Launched in 2011, the program currently serves 150 students
Students in cowboy hats dance with red stoles that read 'Avanzando' is gold script. They are lit with pink disco-ball lighting

Avanzando, a support and resource program for Latinx students at the University of Missouri-Kansas City, will celebrate its 10-year anniversary this year.

A decade ago, many Latinx students at UMKC felt they lacked a sense of belonging on campus and personal relationships with role models in the professional world for them to emulate. As a result, Avanzando was born.

"There was a clear need to support the growing Latinx student population, not only academically but also professionally, after graduation," said Alberto Villamandos, one of the founding mentors for the program. "We knew a membership program with Latinx and Hispanic faculty and the KC community was the way to go. Representation matters, and feeling that there are people who understand what you are going through as an undergraduate student, and who you can share your achievements with, was, and still is, critical."

The program began as a partnership between the UMKC Divison of Diversity and Inclusion and the Hispanic Development Fund. In 2017, the program transitioned to the Office of Multicultural Student Affairs, where it has expanded from only serving Hispanic Development Fund scholars, to any Latinx students interested in being served through the program.

Avanzando works to communicate to Latinx students that there is a place carved out for them at UMKC through supporting, mentoring resources and connections to help them do well in school, graduate and find success in their careers.
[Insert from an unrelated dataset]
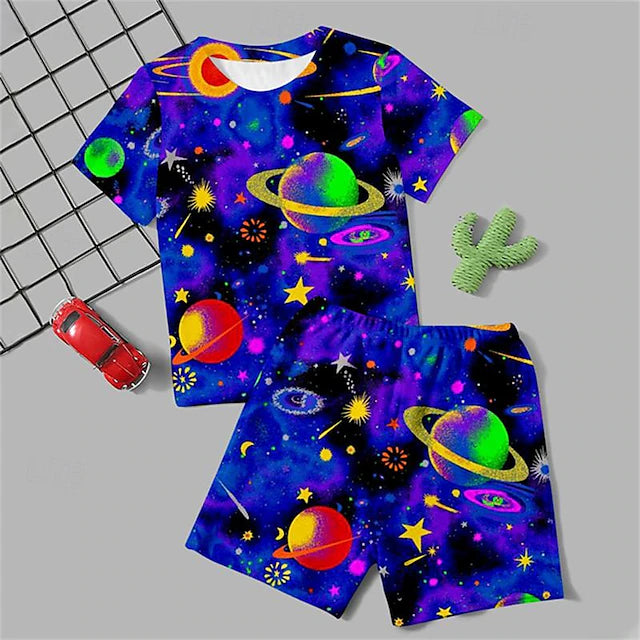 Boys 3D Galaxy Tee & Pants Pajama Set Short Sleeve 3D Print Summer Active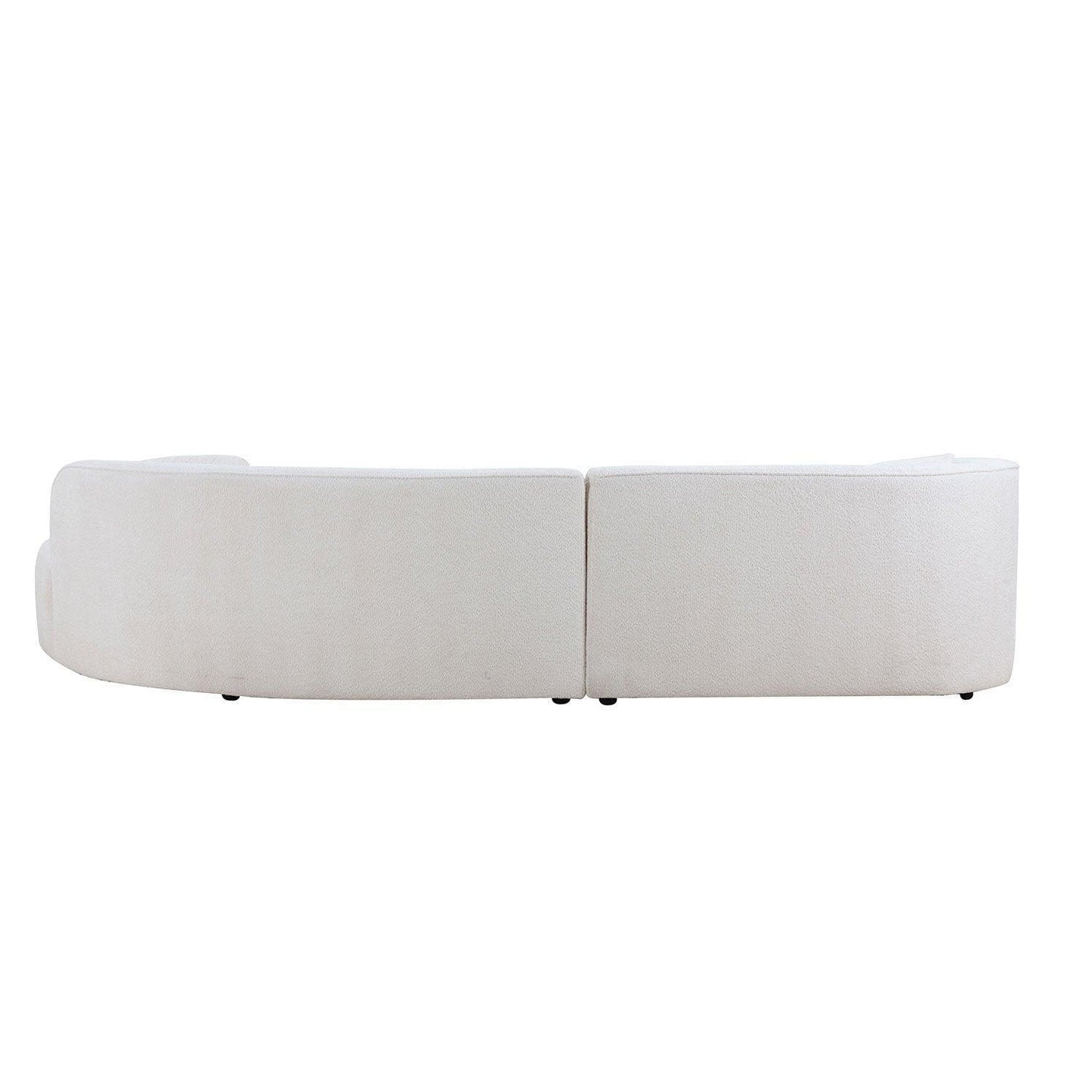 Luxury Modern Style Curved Sofa with Chaise 2-Piece Set, Boucle Couch, White FredCo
Goals of the program include increasing student retention, improving graduation rates and assisting in successful transitions of students into graduate school and/or career positions.
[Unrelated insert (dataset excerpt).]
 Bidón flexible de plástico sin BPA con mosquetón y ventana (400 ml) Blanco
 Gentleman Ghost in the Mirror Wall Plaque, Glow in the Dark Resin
An Avanzando student reads from a 'career development guide' at a meeting in 2012. Photo by Brandon Parigo.

"The program started with 27 original members," said Ivan Ramirez, coordinator for the UMKC Multicultural Student Affairs Department and the Avanzado program. "In 2016, we had grown to 73 scholars, and then it grew to its biggest size of 260. Right now, we are at 150 scholars and we serve them just as well as we were serving the original 27."
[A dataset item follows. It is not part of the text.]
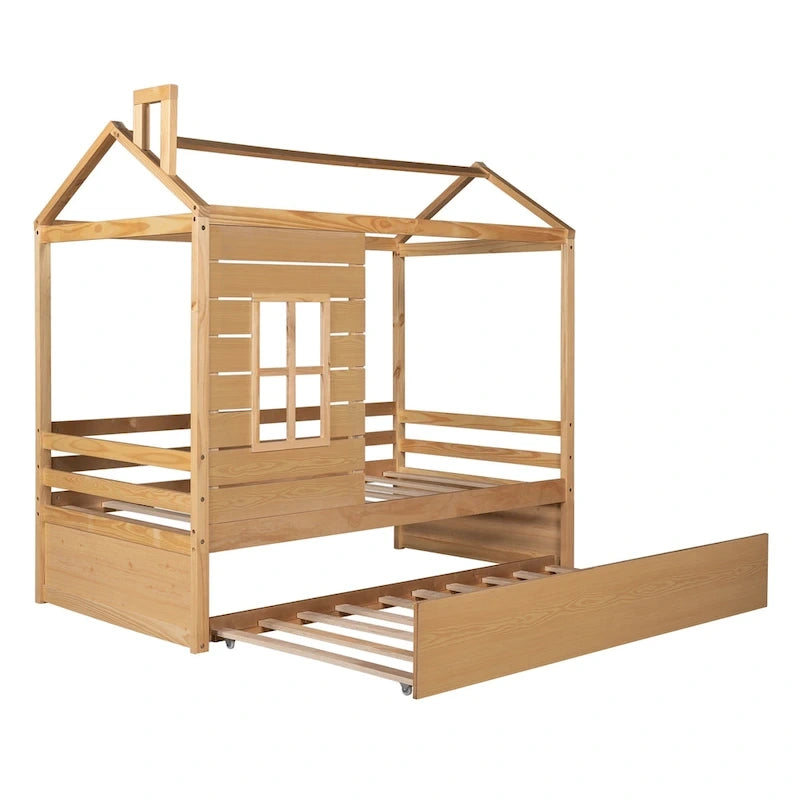 Lit maison en bois pour lit jumeau avec lit gigogne double Naturel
Avanzando mentors are volunteers from UMKC faculty and staff, as well as community members with no ties to the university. Students are matched to mentors based on common goals and career interests and meet regularly with mentors throughout their time at UMKC.

Mentors offer students academic support, promote their cultural identity development and enhance access to resources and networks in the professional world.

"There is a wide range of mentors. We have lawyers, CEOs, doctors, dentists," Ramirez said. 

"I think it's important for (students) to have somebody to talk with that looks like them, that has been through what they are going through. I am a first-generation (college graduate), so when they come talk to me and tell me their stories, I can relate to them, I've been in their shoes. That's what being a mentor is, it's so valuable to have someone that looks like you say, 'hey I've been there, I get it."

Villamandos said he feels proud of the success that Avanzando has seen over the years. He said that he is still in contact with many of the original members of the program as well as students he has mentored over the years.

"We are a family. That tells you how meaningful this program is to mentors and mentees alike," Villamandos said. "The academic and professional support has been proven, with great retention rates and so many students who went into grad school and great jobs."